Ebül Hayr-i el Akta hazretleri “rahmetullahi aleyh”, Evliyanın büyüklerindendir.
Medine’de yaşıyordu.
Yiyecek bulamadı birkaç gün.
Resulün Ravda’sına gidip sürdü yüz ve gözünü.
- Yâ Resulallah, beş gündür bir şey yemedim. Ve bunu, senden gayri kimseye söylemedim, dedi.
Ve çekildi bir kenara.
Bir müddet namaz kılıp, uyukladı bir ara.
Rüyasında Aliyyül Mürteza hazretlerini gördü.
Allah’ın aslanı “radıyallahü anh” kendisini uyandırıp;
- Kalk ya Ebel Hayr, çok uyudun, buyurdu. Allah’ın Sevgilisi buraya geliyor.
Fırlayıp kalktı.
Az sonra, Resulullah “aleyhisselam” teşrif edip, kendisine büyükçe bir ekmek verdiler.
Çok acıkmıştı.
Hemen başladı yemeye.
Yarısına gelince, uyandı.
Fakat o da ne?
Ekmeğin diğer yarısı elindeydi.
Önce edeb lazım
Bir genç nasihat istedi bu Veli’den.
Cevaben;
- Evladım, her şeyden önce edeb lazım, buyurdu.
Ve ekledi:
- Bir kalbde iman olduğuna alamet, Allah’ın kullarına merhametli olmaktır. Bir mümin sıkıntıya düşse, çok üzülür, kalbi yanar. İmkanı nisbetinde yardıma koşar.
İhlas, kalbi temizler
Sordular:
- Bir kalbde nifak olmasının alameti nedir efendim?

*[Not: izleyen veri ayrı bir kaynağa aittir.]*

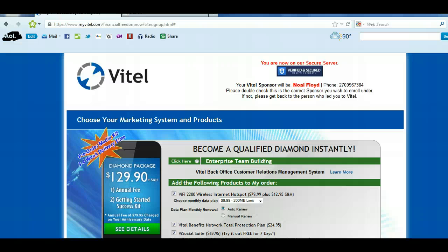Hey there and welcome. My name is Noel Floyd. We are so excited that you have taken the next step to join the Vitel team. I'm going to walk you through the process of joining as a Platinum member because that's what you have chosen to do today. We would love to see you come on as a Diamond member, but that's okay — you can always upgrade later.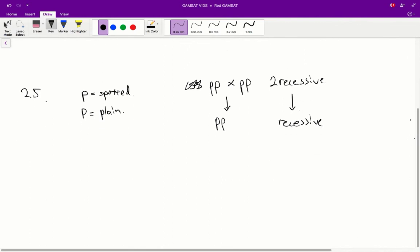we can say that the phenotype of the offspring born will be two-thirds yellow spotted and one-third black spotted. So, if we just look through the answers, we can see that one of the answers, C, is one-third black spotted. So, that is the correct answer for question 25. And that concludes questions 24 and 25.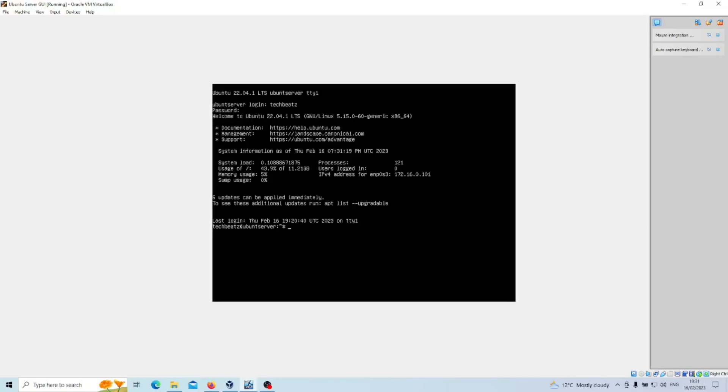Now the tool that we need is something called tasksel, so that's apt install tasksel with one L. Now this basically lets you install a collection of software packages together rather than each individual package, which just saves you a bit of time and effort.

- Her insana kin ve haset beslemektir, buyurdu.
Sonra ihlastan sordular.
Cevabında:
- Bir kul, ibadetini ve iyi işlerini insanlara gösterirse, İhlastan ayrılmış demektir ki, bu hali riya olur, buyurdu.
Ve ekledi:
- Eğer ihlası kazanırsa, kalbi temizlenir. Kir pas kalmaz.